🤖 AI Summary
This work addresses the limitations of conventional physics-informed neural networks (PINNs) in solving high-frequency Helmholtz equations in heterogeneous media, which include high computational cost, a bias toward smooth solutions, and reliance on artificial absorbing boundary conditions. The authors propose a novel neural solver based on the Green’s integral representation, which, for the first time, incorporates nonlocal integral constraints into the neural network framework, replacing pointwise PDE residuals. This formulation inherently embeds wave physics, eliminates the need for second-order derivative computations and artificial boundary layers, and leverages FFT-accelerated convolutions, stochastic physical regularization, a hybrid Green’s integral–PDE loss, and nonuniform sampling.

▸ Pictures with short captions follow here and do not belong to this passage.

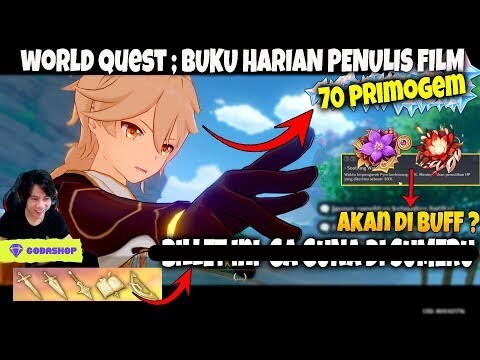 70 Primogem World Quest Buku Harian Penulis Film - Genshin Impact v2.8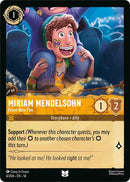 Image for Miriam Mendelsohn - Front-Row Fan (6/204) (Hyperia City) (14) - Disney Lorcana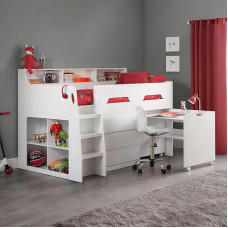 Julian Bowen Jupiter Cabin Bed, White, Single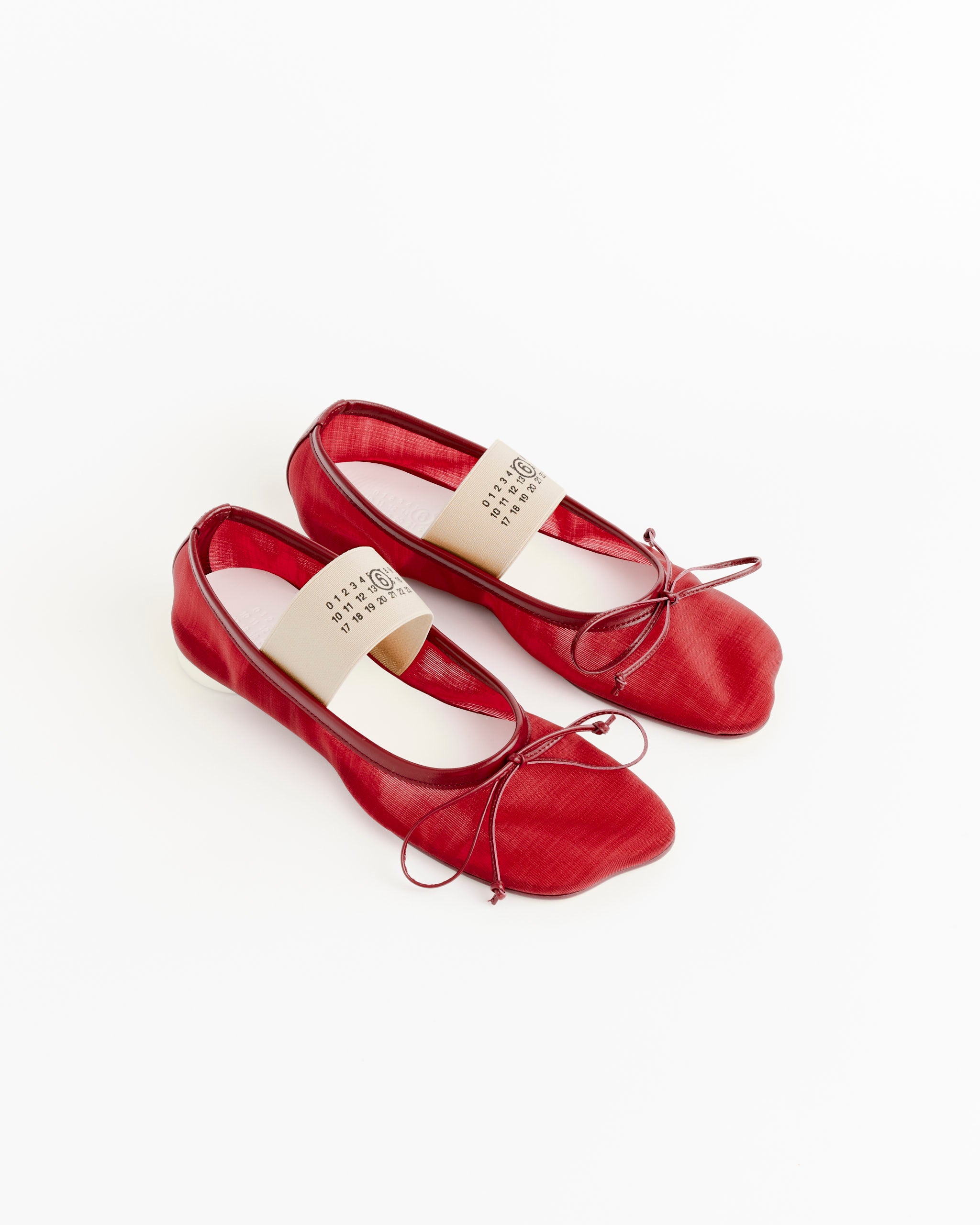 MM6 S59WZ0101 Ballet Shoe - Ruby Wine / 39 (284511)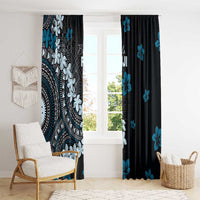Bula Fiji Women's Day Window Curtain Indigo Masi Tapa LT7 - Polynesian Pride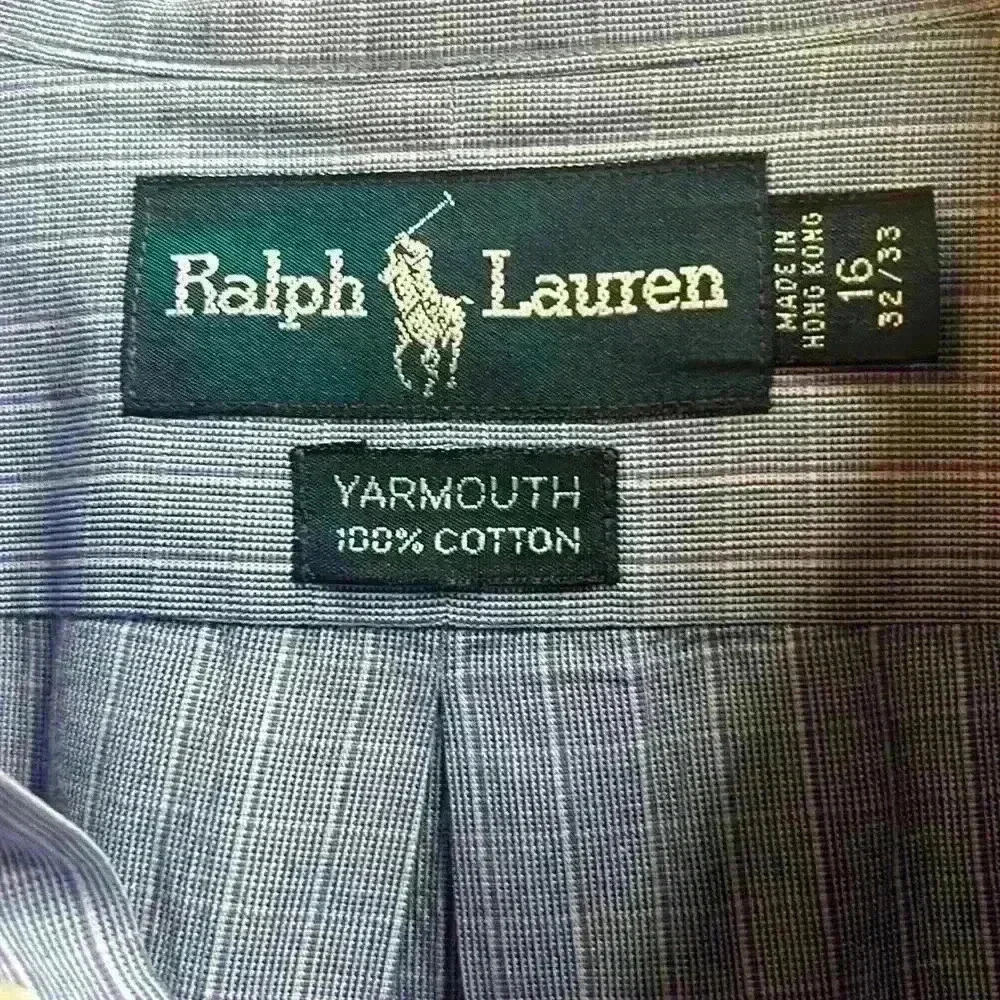 Ralph Lauren men’s dress, classic fit shirt blue and white strips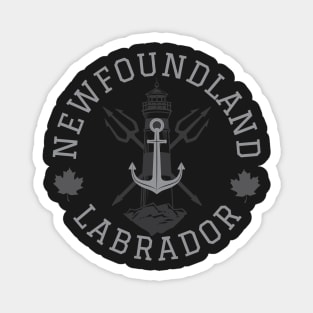Nautical Design 3 || Newfoundland and Labrador || Gifts || Souvenirs Magnet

The method reduces computational cost by over an order of magnitude on a 20 Hz seismic model and maintains convergence with significantly improved reconstruction accuracy—even in strongly scattering regimes where the classical Born series diverges—outperforming existing PINN approaches.
📝 Abstract
Standard physics-informed neural networks (PINNs) struggle to simulate highly oscillatory Helmholtz solutions in heterogeneous media because pointwise minimization of second-order PDE residuals is computationally expensive, biased toward smooth solutions, and requires artificial absorbing boundary layers to restrict the solution. To overcome these challenges, we introduce a Green-Integral (GI) neural solver for the acoustic Helmholtz equation. It departs from the PDE-residual-based formulation by enforcing wave physics through an integral representation that imposes a nonlocal constraint. Oscillatory behavior and outgoing radiation are encoded directly through the integral kernel, eliminating second-order spatial derivatives and enforcing physical solutions without additional boundary layers. Theoretically, optimizing this GI loss via a neural network acts as a spectrally tuned preconditioned iteration, enabling convergence in heterogeneous media where the classical Born series diverges. By exploiting FFT-based convolution to accelerate the GI loss evaluation, our approach substantially reduces GPU memory usage and training time. However, this efficiency relies on a fixed regular grid, which can limit local resolution. To improve local accuracy in strong scattering regions, we also propose a hybrid GI+PDE loss, enforcing a lightweight Helmholtz residual at a small number of nonuniformly sampled collocation points. We evaluate our method on seismic benchmark models characterized by structural contrasts and subwavelength heterogeneity at frequencies up to 20Hz. GI-based training consistently outperforms PDE-based PINNs, reducing computational cost by over a factor of ten. In models with localized scattering, the hybrid loss yields the most accurate reconstructions, providing a stable, efficient, and physically grounded alternative.